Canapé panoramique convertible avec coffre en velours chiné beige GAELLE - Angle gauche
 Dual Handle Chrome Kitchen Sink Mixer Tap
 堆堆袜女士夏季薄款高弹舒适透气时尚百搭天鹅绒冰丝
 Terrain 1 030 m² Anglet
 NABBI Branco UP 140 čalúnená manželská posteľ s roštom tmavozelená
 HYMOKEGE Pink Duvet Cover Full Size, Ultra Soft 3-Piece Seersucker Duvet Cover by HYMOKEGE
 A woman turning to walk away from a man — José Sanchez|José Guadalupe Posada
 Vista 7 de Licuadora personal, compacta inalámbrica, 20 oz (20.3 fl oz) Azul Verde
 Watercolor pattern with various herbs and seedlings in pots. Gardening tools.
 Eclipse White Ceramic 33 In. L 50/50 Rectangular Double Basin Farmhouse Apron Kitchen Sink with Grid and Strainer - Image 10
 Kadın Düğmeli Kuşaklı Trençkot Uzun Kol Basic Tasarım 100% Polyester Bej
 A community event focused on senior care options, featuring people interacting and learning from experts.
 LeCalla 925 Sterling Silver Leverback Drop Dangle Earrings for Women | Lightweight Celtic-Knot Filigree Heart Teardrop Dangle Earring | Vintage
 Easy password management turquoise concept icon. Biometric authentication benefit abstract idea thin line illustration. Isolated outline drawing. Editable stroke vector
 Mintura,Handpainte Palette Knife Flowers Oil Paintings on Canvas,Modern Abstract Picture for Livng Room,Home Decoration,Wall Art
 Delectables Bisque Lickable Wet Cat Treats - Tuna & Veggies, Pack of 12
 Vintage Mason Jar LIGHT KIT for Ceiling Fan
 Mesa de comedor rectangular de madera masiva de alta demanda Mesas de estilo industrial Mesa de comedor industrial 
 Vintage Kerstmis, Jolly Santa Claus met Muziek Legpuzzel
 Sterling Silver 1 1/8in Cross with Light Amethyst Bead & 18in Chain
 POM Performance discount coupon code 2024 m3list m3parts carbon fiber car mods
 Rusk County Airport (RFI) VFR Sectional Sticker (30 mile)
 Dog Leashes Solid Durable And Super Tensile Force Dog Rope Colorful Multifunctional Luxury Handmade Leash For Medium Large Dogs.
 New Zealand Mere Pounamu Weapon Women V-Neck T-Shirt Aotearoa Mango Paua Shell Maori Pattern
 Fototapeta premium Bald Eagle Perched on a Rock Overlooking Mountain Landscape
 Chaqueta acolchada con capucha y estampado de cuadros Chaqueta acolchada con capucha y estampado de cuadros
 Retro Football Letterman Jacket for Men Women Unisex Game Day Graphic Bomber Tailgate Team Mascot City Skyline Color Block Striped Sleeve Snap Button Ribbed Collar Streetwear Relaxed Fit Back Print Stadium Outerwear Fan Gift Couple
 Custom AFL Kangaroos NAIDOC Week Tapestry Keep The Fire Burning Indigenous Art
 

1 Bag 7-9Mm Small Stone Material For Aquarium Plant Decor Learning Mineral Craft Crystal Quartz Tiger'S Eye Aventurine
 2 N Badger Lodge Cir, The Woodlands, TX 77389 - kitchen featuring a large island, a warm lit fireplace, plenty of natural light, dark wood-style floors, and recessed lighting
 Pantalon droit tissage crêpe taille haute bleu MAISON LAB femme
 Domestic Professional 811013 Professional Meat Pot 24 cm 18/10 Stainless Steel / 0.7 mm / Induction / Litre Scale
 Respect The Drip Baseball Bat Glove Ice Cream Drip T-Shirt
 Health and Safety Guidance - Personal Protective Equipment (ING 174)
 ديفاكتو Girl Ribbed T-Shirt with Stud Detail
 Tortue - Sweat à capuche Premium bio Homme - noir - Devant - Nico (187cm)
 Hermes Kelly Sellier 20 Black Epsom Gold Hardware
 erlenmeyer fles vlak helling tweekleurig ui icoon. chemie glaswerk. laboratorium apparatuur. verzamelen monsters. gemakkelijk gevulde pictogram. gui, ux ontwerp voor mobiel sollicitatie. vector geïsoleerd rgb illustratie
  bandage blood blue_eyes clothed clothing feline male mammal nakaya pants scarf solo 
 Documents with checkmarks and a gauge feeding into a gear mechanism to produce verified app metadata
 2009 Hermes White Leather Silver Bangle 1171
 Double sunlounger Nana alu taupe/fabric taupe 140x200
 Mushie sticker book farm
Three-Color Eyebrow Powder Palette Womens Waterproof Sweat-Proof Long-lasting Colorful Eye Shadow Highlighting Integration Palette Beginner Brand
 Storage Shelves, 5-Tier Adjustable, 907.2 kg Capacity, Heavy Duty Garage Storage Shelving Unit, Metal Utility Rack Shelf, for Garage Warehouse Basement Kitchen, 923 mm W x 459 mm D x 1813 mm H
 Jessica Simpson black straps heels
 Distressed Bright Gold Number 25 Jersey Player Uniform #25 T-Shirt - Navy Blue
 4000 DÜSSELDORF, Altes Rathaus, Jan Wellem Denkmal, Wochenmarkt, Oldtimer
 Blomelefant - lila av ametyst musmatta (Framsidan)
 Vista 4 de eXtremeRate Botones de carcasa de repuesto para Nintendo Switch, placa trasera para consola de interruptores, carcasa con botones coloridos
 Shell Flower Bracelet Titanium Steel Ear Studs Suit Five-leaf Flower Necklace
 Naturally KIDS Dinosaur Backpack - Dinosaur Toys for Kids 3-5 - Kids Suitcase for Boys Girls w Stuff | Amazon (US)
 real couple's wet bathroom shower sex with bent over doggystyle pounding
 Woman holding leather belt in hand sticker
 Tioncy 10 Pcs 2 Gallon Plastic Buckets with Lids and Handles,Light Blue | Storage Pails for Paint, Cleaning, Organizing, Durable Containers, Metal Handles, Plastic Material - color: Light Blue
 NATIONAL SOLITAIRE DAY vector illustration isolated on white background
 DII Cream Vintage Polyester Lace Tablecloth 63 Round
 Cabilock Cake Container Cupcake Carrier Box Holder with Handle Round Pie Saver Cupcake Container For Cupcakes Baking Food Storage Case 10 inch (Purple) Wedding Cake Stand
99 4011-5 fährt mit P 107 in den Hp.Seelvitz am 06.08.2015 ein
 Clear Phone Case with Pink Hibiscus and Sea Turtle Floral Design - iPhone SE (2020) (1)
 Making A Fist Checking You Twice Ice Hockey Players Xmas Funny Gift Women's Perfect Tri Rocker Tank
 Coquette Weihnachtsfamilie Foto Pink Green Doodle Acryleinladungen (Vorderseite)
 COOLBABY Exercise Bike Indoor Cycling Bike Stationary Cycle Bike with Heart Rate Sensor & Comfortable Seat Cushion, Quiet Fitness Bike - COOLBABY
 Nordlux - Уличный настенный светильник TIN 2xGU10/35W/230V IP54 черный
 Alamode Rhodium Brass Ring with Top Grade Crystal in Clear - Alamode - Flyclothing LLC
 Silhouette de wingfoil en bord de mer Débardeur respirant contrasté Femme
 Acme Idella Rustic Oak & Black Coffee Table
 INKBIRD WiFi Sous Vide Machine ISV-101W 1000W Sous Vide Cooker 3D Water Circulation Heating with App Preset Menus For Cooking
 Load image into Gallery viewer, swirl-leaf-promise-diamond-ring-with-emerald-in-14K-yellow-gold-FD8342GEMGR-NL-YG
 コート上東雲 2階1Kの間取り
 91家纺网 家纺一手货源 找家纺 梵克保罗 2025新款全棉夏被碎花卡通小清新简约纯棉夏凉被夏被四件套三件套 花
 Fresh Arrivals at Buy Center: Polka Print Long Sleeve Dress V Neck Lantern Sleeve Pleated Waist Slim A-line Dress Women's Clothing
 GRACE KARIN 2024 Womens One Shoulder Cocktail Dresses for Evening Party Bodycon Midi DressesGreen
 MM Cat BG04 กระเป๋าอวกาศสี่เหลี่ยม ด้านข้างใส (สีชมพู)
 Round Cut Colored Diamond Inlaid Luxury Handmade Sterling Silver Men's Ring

-- WORK TASK --
From the first line above through the line that contains "Easy password management", quote each line exactly. Output nothing more.

-- WRITTEN SOLUTION --
Canapé panoramique convertible avec coffre en velours chiné beige GAELLE - Angle gauche
 Dual Handle Chrome Kitchen Sink Mixer Tap
 堆堆袜女士夏季薄款高弹舒适透气时尚百搭天鹅绒冰丝
 Terrain 1 030 m² Anglet
 NABBI Branco UP 140 čalúnená manželská posteľ s roštom tmavozelená
 HYMOKEGE Pink Duvet Cover Full Size, Ultra Soft 3-Piece Seersucker Duvet Cover by HYMOKEGE
 A woman turning to walk away from a man — José Sanchez|José Guadalupe Posada
 Vista 7 de Licuadora personal, compacta inalámbrica, 20 oz (20.3 fl oz) Azul Verde
 Watercolor pattern with various herbs and seedlings in pots. Gardening tools.
 Eclipse White Ceramic 33 In. L 50/50 Rectangular Double Basin Farmhouse Apron Kitchen Sink with Grid and Strainer - Image 10
 Kadın Düğmeli Kuşaklı Trençkot Uzun Kol Basic Tasarım 100% Polyester Bej
 A community event focused on senior care options, featuring people interacting and learning from experts.
 LeCalla 925 Sterling Silver Leverback Drop Dangle Earrings for Women | Lightweight Celtic-Knot Filigree Heart Teardrop Dangle Earring | Vintage
 Easy password management turquoise concept icon. Biometric authentication benefit abstract idea thin line illustration. Isolated outline drawing. Editable stroke vector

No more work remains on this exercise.